WHAT THIS TASK INVOLVES —
All entries need to be written out again exactly, without their pictures.

────────────────────────────────────────

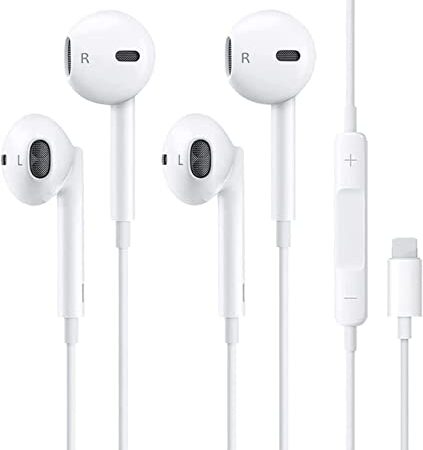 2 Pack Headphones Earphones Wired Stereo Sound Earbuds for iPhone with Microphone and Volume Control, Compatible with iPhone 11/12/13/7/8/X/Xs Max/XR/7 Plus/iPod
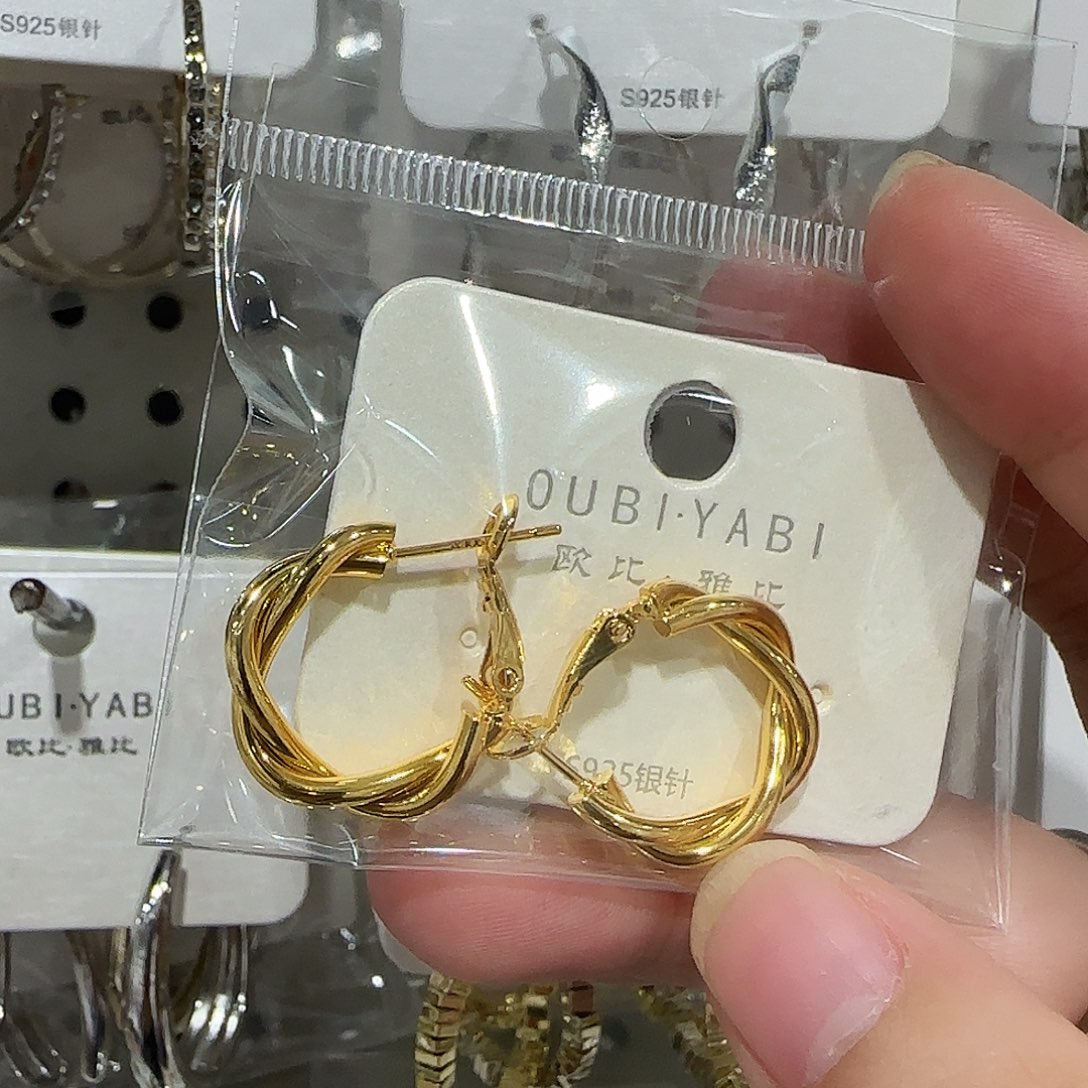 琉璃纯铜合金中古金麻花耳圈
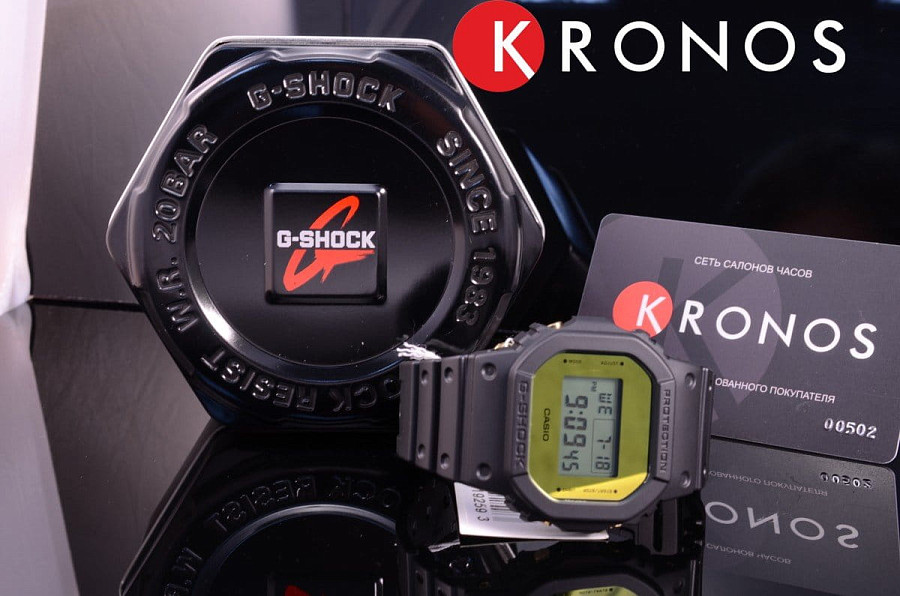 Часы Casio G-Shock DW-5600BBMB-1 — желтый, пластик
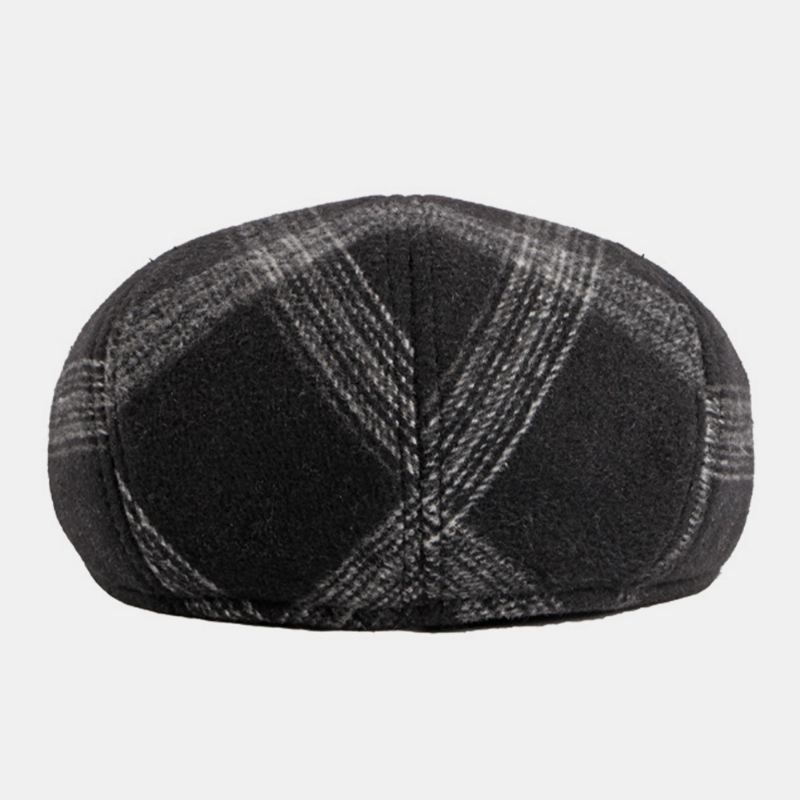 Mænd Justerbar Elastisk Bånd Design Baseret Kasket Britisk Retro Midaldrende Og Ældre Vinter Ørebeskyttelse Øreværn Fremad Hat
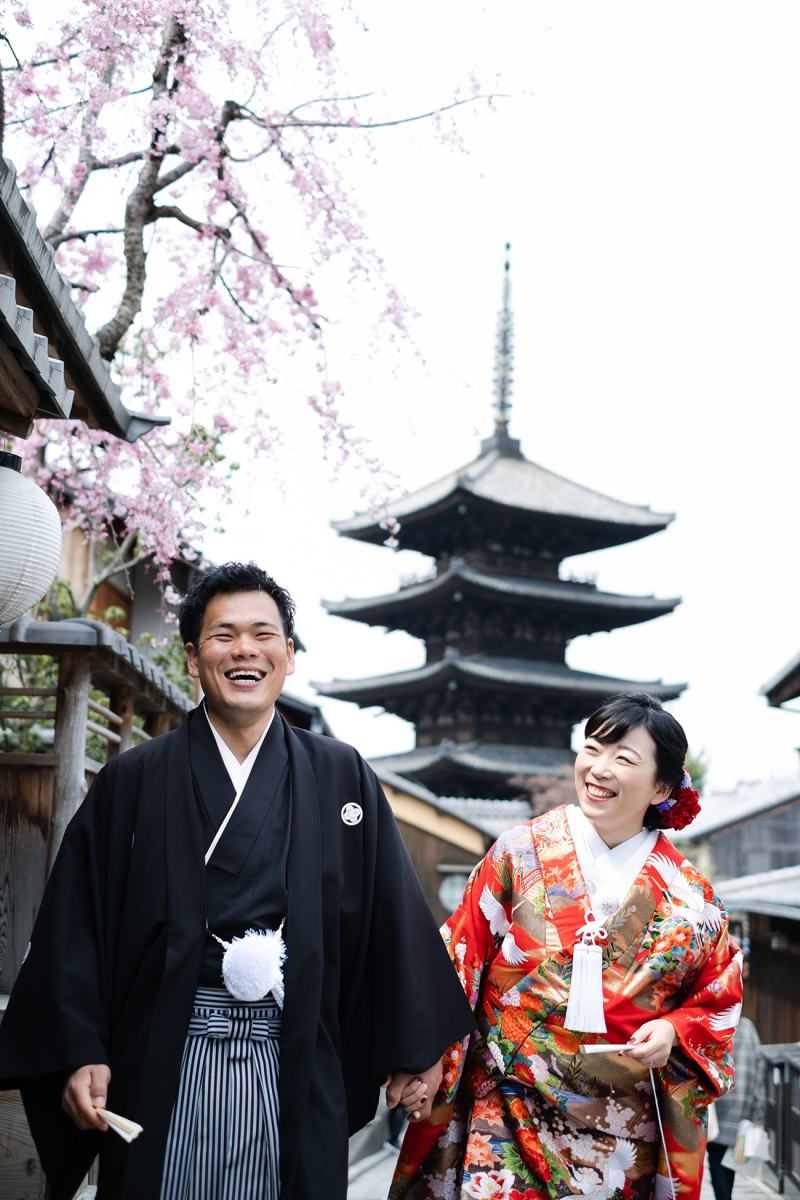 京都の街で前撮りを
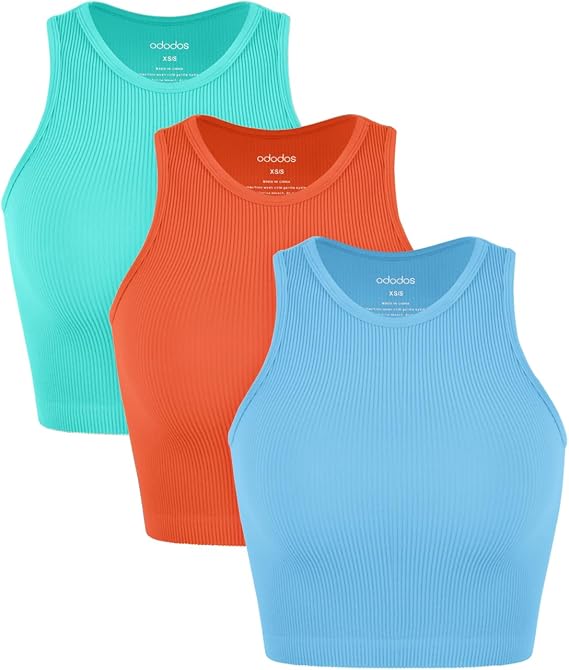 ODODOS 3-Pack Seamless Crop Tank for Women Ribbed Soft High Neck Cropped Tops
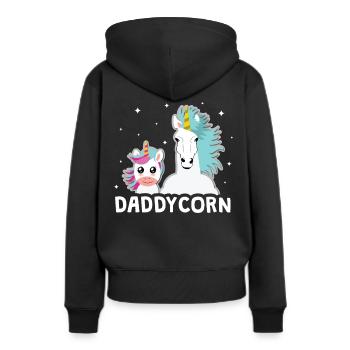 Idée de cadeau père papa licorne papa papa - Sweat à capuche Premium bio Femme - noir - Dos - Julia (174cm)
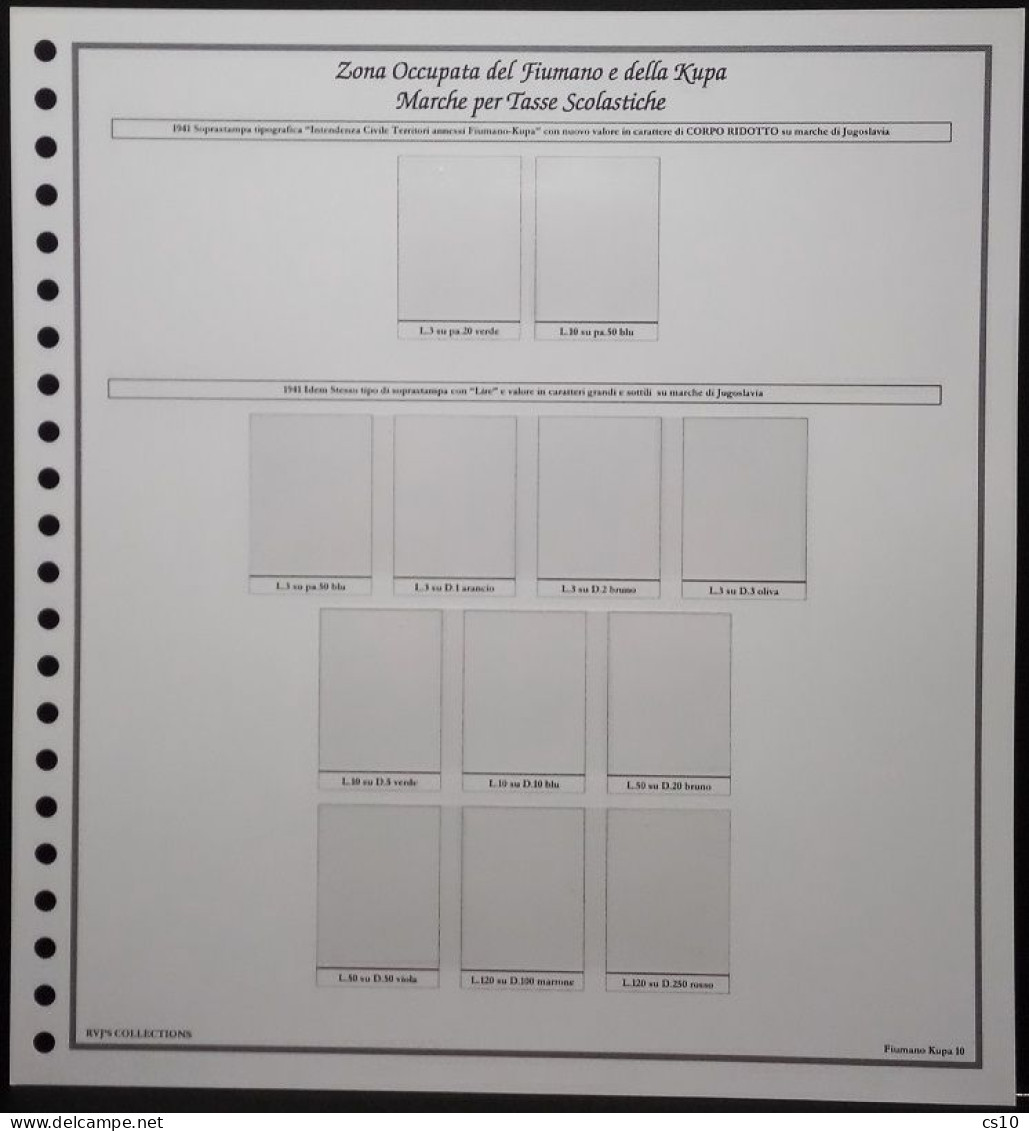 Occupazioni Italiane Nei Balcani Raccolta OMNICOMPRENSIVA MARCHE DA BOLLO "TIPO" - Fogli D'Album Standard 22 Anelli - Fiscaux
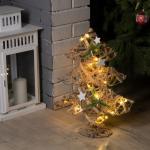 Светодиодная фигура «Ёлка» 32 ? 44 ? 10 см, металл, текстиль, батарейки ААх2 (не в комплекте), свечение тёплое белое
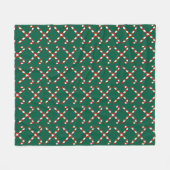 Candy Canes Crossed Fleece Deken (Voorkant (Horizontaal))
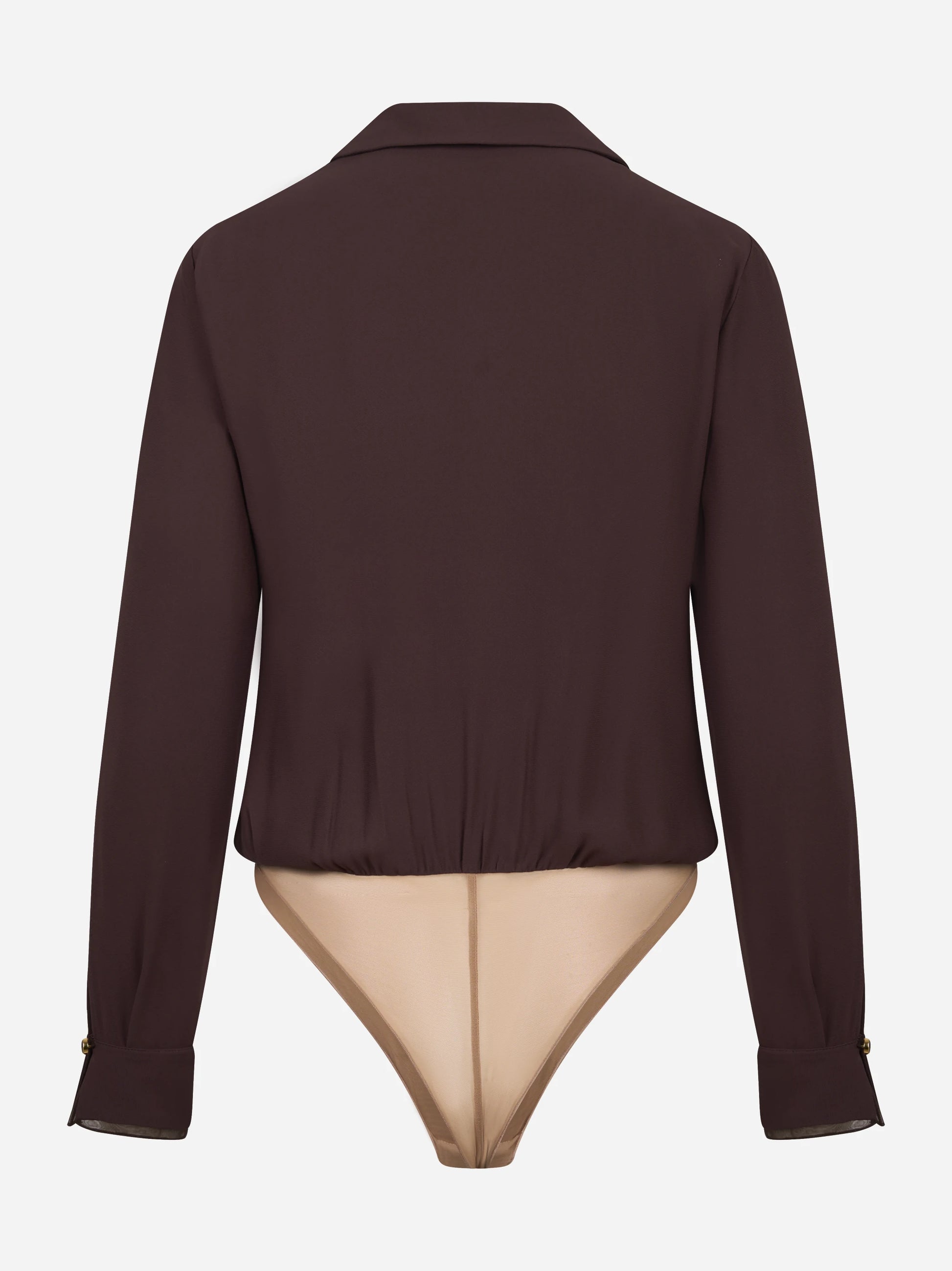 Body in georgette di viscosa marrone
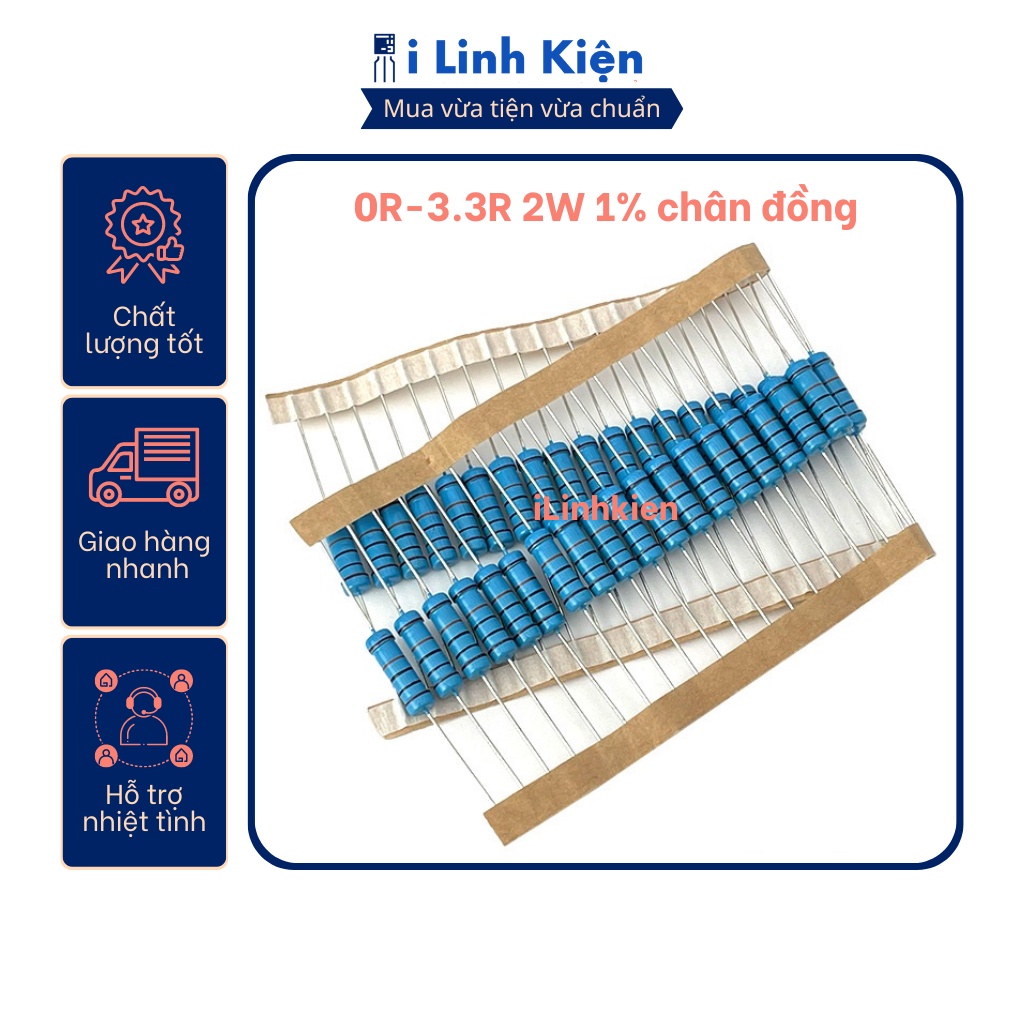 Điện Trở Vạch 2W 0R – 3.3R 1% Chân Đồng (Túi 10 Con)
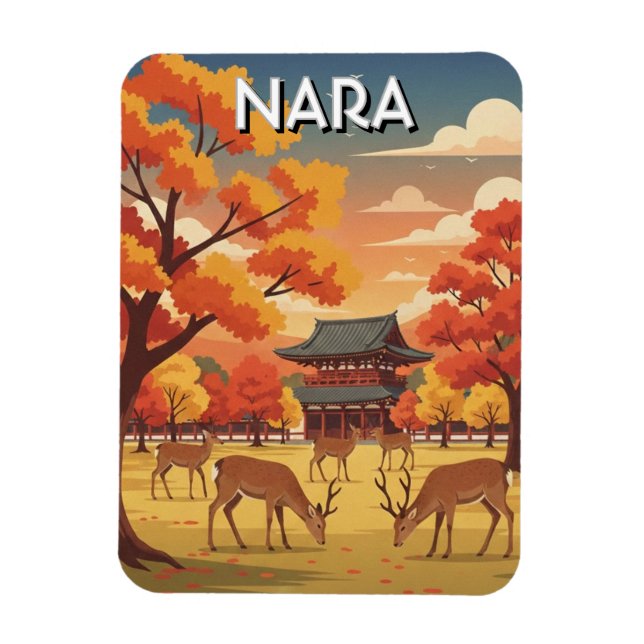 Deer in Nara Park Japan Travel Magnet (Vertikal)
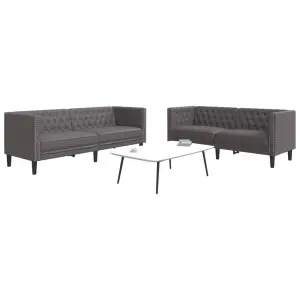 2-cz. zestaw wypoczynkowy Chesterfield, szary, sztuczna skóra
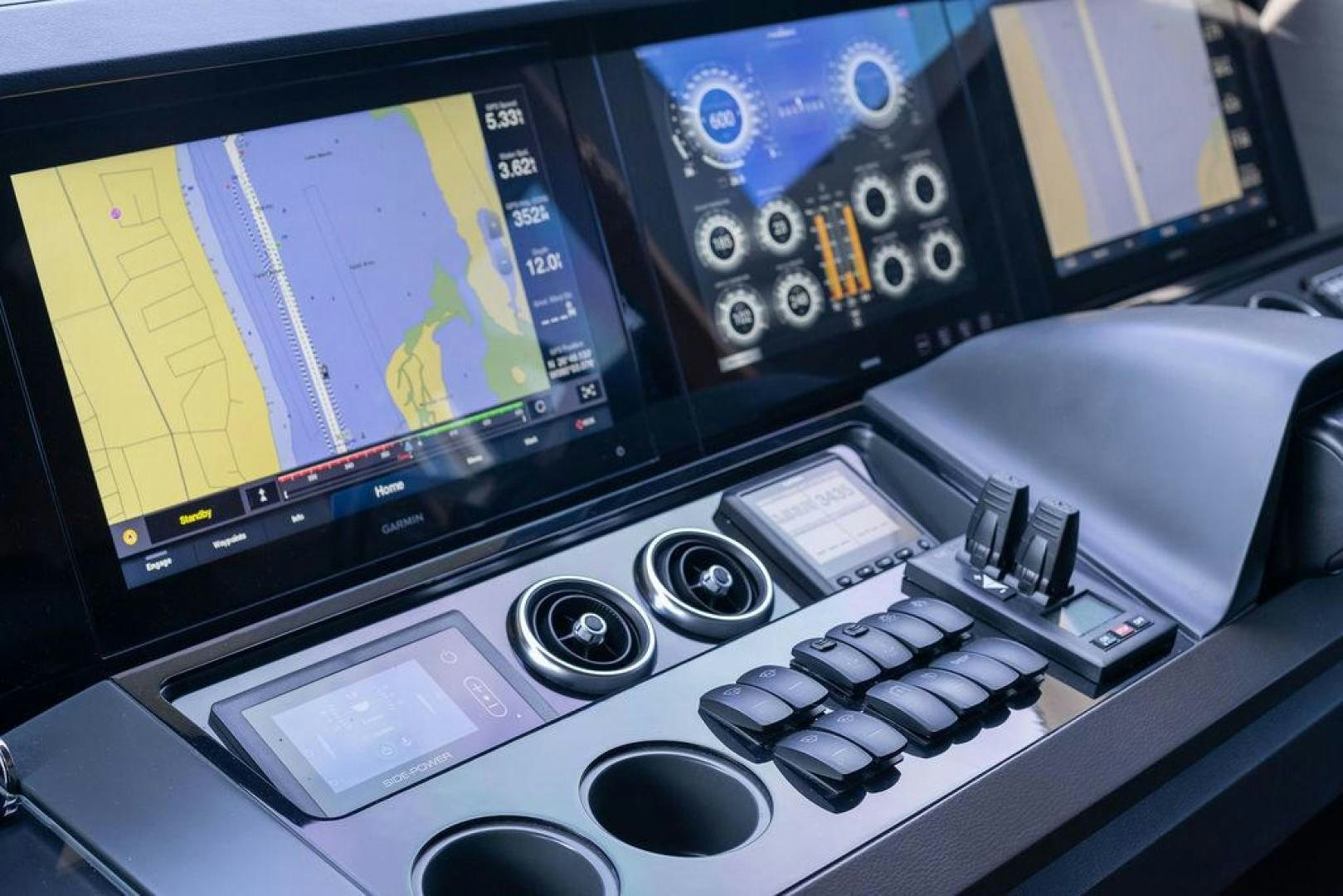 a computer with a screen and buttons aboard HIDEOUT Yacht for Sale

────────────────────────────────────────

ANSWER SECTION —
 2 Pack Headphones Earphones Wired Stereo Sound Earbuds for iPhone with Microphone and Volume Control, Compatible with iPhone 11/12/13/7/8/X/Xs Max/XR/7 Plus/iPod
 琉璃纯铜合金中古金麻花耳圈
 Часы Casio G-Shock DW-5600BBMB-1 — желтый, пластик
 Mænd Justerbar Elastisk Bånd Design Baseret Kasket Britisk Retro Midaldrende Og Ældre Vinter Ørebeskyttelse Øreværn Fremad Hat
 京都の街で前撮りを
 ODODOS 3-Pack Seamless Crop Tank for Women Ribbed Soft High Neck Cropped Tops
 Idée de cadeau père papa licorne papa papa - Sweat à capuche Premium bio Femme - noir - Dos - Julia (174cm)
 Occupazioni Italiane Nei Balcani Raccolta OMNICOMPRENSIVA MARCHE DA BOLLO "TIPO" - Fogli D'Album Standard 22 Anelli - Fiscaux
 Светодиодная фигура «Ёлка» 32 ? 44 ? 10 см, металл, текстиль, батарейки ААх2 (не в комплекте), свечение тёплое белое
 Candy Canes Crossed Fleece Deken (Voorkant (Horizontaal))
 Body in georgette di viscosa marrone
 Điện Trở Vạch 2W 0R – 3.3R 1% Chân Đồng (Túi 10 Con)
 Deer in Nara Park Japan Travel Magnet (Vertikal)
 2-cz. zestaw wypoczynkowy Chesterfield, szary, sztuczna skóra
 a computer with a screen and buttons aboard HIDEOUT Yacht for Sale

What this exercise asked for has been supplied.